> Records for processing:
★ ★ ★

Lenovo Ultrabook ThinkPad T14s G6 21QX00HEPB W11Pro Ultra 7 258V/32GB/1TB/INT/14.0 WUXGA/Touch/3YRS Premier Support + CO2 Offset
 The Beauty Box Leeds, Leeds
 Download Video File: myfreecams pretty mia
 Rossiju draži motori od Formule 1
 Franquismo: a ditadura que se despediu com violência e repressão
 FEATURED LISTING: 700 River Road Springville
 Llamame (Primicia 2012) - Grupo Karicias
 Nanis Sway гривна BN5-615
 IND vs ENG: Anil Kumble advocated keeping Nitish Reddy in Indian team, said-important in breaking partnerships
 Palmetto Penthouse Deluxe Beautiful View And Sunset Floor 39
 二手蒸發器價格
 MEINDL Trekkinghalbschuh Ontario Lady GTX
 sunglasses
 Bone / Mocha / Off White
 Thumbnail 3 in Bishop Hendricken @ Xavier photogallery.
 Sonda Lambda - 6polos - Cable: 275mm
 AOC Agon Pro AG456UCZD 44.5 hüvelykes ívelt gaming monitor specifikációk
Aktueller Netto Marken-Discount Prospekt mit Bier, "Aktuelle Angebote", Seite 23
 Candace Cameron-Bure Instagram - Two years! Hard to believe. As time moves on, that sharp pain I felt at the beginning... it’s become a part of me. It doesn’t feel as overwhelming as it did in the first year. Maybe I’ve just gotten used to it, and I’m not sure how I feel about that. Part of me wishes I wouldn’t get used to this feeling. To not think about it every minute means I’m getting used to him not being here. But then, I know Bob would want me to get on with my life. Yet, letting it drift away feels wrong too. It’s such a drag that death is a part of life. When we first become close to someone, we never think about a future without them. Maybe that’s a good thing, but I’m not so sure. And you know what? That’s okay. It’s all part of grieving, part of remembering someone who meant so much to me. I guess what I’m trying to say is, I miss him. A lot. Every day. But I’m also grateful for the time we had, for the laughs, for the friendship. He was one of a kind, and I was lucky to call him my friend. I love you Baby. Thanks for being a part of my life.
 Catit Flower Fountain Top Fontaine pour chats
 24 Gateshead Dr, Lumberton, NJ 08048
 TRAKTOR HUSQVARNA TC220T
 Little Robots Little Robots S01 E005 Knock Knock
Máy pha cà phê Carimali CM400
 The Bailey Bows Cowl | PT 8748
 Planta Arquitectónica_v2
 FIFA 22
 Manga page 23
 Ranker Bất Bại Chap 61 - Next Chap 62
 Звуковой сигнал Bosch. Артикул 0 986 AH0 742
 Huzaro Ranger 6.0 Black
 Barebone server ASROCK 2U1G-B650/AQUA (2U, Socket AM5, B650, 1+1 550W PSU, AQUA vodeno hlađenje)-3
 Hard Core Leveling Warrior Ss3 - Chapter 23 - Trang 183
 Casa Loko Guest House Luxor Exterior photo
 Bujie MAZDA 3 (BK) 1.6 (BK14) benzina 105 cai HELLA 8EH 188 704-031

★ ★ ★

> Instructions for the task: Retype, exactly and in full, the lines above from the one containing "The Beauty Box Leeds, Leeds" through the one containing "Aktueller Netto Marken-Discount".

> Response to this exercise:
 The Beauty Box Leeds, Leeds
 Download Video File: myfreecams pretty mia
 Rossiju draži motori od Formule 1
 Franquismo: a ditadura que se despediu com violência e repressão
 FEATURED LISTING: 700 River Road Springville
 Llamame (Primicia 2012) - Grupo Karicias
 Nanis Sway гривна BN5-615
 IND vs ENG: Anil Kumble advocated keeping Nitish Reddy in Indian team, said-important in breaking partnerships
 Palmetto Penthouse Deluxe Beautiful View And Sunset Floor 39
 二手蒸發器價格
 MEINDL Trekkinghalbschuh Ontario Lady GTX
 sunglasses
 Bone / Mocha / Off White
 Thumbnail 3 in Bishop Hendricken @ Xavier photogallery.
 Sonda Lambda - 6polos - Cable: 275mm
 AOC Agon Pro AG456UCZD 44.5 hüvelykes ívelt gaming monitor specifikációk
Aktueller Netto Marken-Discount Prospekt mit Bier, "Aktuelle Angebote", Seite 23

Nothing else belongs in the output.